*DATA SUPPLIED*.

* * * *

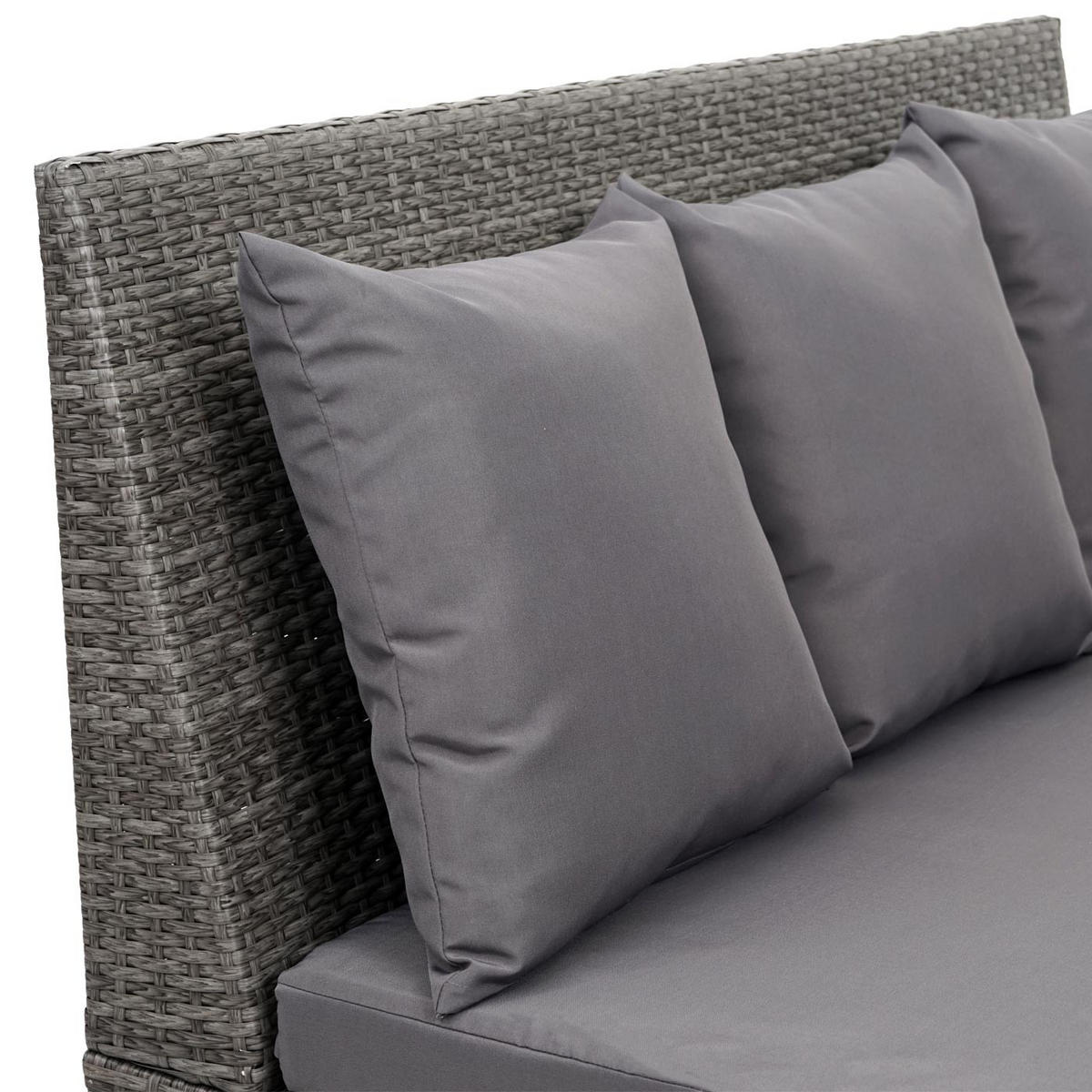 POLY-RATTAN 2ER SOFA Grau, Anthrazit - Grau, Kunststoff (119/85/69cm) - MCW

* * * *

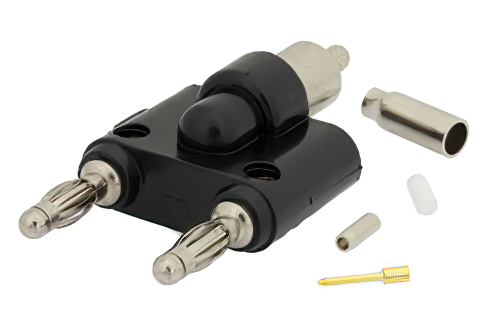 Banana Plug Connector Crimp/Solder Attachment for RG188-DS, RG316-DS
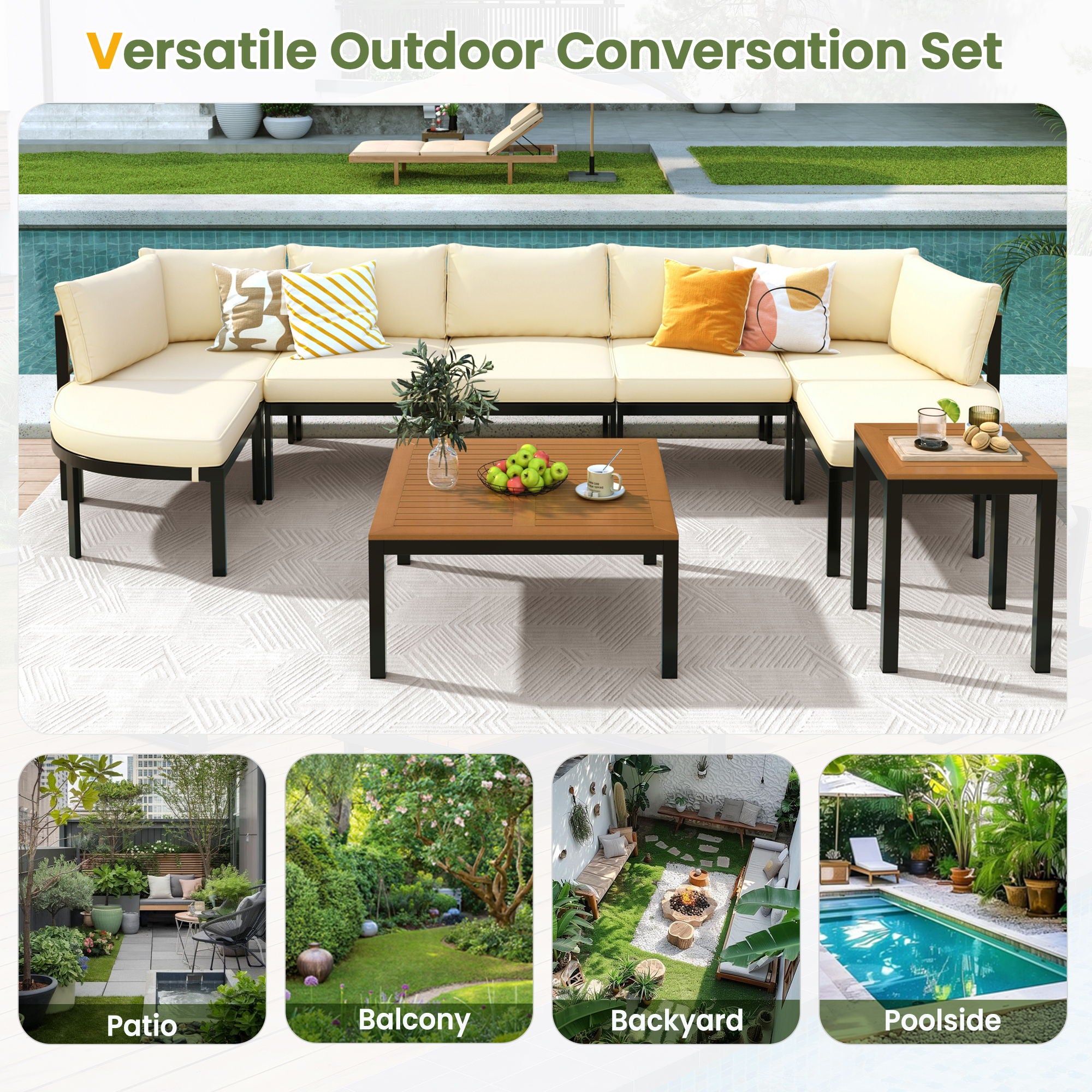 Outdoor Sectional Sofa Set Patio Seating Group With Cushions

* * * *

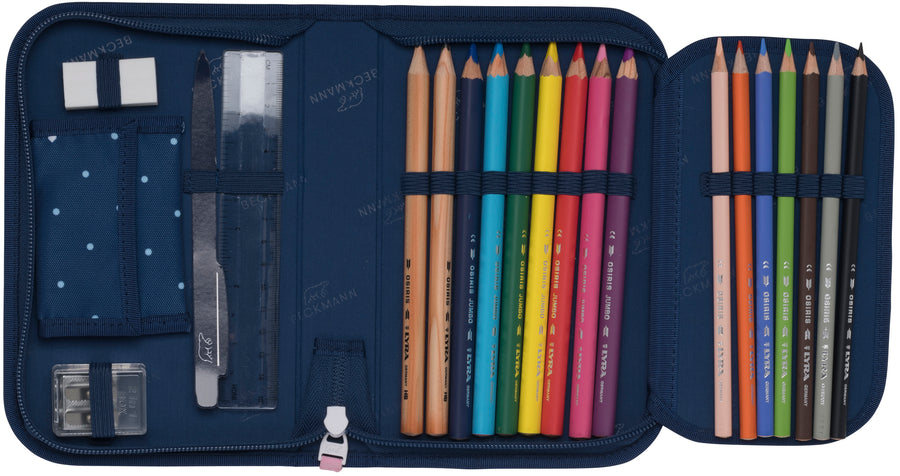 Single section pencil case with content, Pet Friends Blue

* * * *

*TASK DETAILS*.
Your reply is to be an exact repeat of the listing above from the line holding "Banana Plug Connector" down to the line holding "Outdoor Sectional Sofa", ends included, pictures excluded.

*OUTPUT*.
 Banana Plug Connector Crimp/Solder Attachment for RG188-DS, RG316-DS
 Outdoor Sectional Sofa Set Patio Seating Group With Cushions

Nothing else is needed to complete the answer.